Gagal Fokus
Dalam mendukung terciptanya budaya literasi yang baik dalam madrasah, seorang kepala di tuntut untuk memberikan contoh yang baik. Jujur saja, untuk menuliskan pengalaman itu lebih sulit dibanding menceritakan ulang via lisan. Tapi saya tetap berusaha walaupun dengan segala keterbatasan. Saya hanya mencoba berbagi pengalaman saat menjadi wali kelas di MTsN Simpang Ulim kini bernama MTsN 1 Aceh Timur. Pengalaman tersebut tepatnya pada tahun 1997. Sudah sangat lama bukan? Tapi keberadaan siswa-siswi di bawah binaan selama saya menjadi wali kelas terekam dan tersimpan dalam kenangan yang indah.
Ada banyak cerita tentang siswa, mulai dari keluarga, keseharian dan hobinya yang terkadang tak pernah kita pahami sehingga menjadi teka-teki yang selama ini tersimpan rapi. Dengan menjadi wali kelas, semua menjadi jelas, siapa sebenarnya mereka dan bagaimana keadaan keluarga mereka. Sehingga wali kelas dan siswanya bisa berkembang dan berjalan bersama untuk mewujudkan cita-cita yang mulia.
Menjadi wali kelas berarti bertambah pula tugas dan kewajiban saya. Karakter mereka harus bisa saya pahami satu persatu, disamping harus mengajar, mendidik, membimbing dan juga melakukan pembinaan menjadi tugas rutin hampir setiap hari. Di tambah lagi dengan segudang administrasi yang sesegera mungkin harus terselesaikan.
Keluhan dan laporan dari guru tidak pernah absen saya terima. Ada saja tingkah laku, tindakan dan ucapan yang melanggar peraturan madrasah.
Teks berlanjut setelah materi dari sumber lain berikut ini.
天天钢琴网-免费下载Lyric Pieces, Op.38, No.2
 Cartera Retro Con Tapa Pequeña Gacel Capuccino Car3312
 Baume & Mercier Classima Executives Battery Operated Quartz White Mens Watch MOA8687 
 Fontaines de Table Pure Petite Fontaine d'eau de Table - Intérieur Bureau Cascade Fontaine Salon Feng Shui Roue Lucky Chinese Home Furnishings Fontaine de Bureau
Mulai daro tidur dikelas, cabut sekolah, lompat pagar dan masih banyak laporan lainnya yang harus saya tangani segera. Terkadang saya heran kenapa harus orang-orang itu saja yang bermasalah. Ada apa dengan mereka sebenarnya?
Perlahan pendekatan mulai saya lakukan. Saya ajak mereka bicara empat mata dari hati ke hati, dengan tujuan agar mereka dapat mengungkapkan semua keluh kesah yang mereka alami tanpa di ketahui teman sekitar. Saya mulai telusuri latar belakang keluarga mereka. Ternyata banyak dari mereka adalah keluarga broken home dan dari keluarga yang masuk kategori sangat miskin yang terkadang harus menghidupi dirinya sendiri. Wajar saja jika mereka butuh perhatian lebih dari saya, apalagi peran saya sebagai orang tua keduanya. Perhatian yang tidak mereka dapatkan dari keluarga kini mereka dambakan dari orang tua keduanya. Sekilas tampak kecerian saat mereka sedang bergaul bersama temannya, padahal hati dan batin mereka tersiksa, perih dan diam, tidak tahu harus berbuat apa dan harus bercerita kepada siapa tentang kesedihan mereka.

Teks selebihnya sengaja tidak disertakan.